This explains how to access and edit a data set. Details of the ISPF text editor are also explained.

4.1 Accessing the Data Set

Before you can start typing code, you must bring up the data set you wish to work on in ISPF. There are several different ways to do this.

4.1.1 Accessing with the Edit Option

If you know the name of the file you would like to edit, you can go to option 2 on the ISPF main screen. This will bring up the Edit Entry Panel

screen shot of edit entry panel (open a data set)

Type in the name of the data set you wish to access in the appropriate fields. Then press enter.

empty data set in editor

A screen containing your data set will appear. If this is the first time you have accessed the data set, it will be blank, like in the image above.
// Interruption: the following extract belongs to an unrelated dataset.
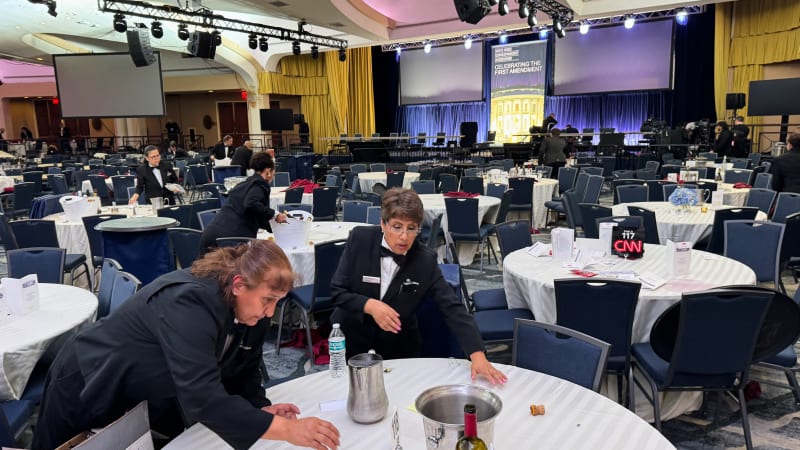 Pobuřující záběry z Washingtonu: Novináři si po vypuknutí střelby odnášeli lahve s alkoholem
View 4.2 Editing the Data Set for more information.

4.1.2 Accessing with Data Set Listing

See the section on listing all available data sets for a user to get a listing of your files.

editing a data set using the data set list utility

Type the letter e next to the data set you wish to edit. Press enter.

confirmation message to edit a data set using the data set list utility

You may see a confirmation screen like the one above. Press enter on this screen to edit your data set.

editting the empty data set

A screen containing your data set will appear. If this is the first time you have accessed the data set, it will be blank, like in the image above. View 4.2 Editing the Data Set for more information.

4.2 Editing the Data Set

4.2.1 Using the ISPF Text Editor

Using the above steps you can open the data set to be edited. Use the tab key to position the cursor to the start of the text area.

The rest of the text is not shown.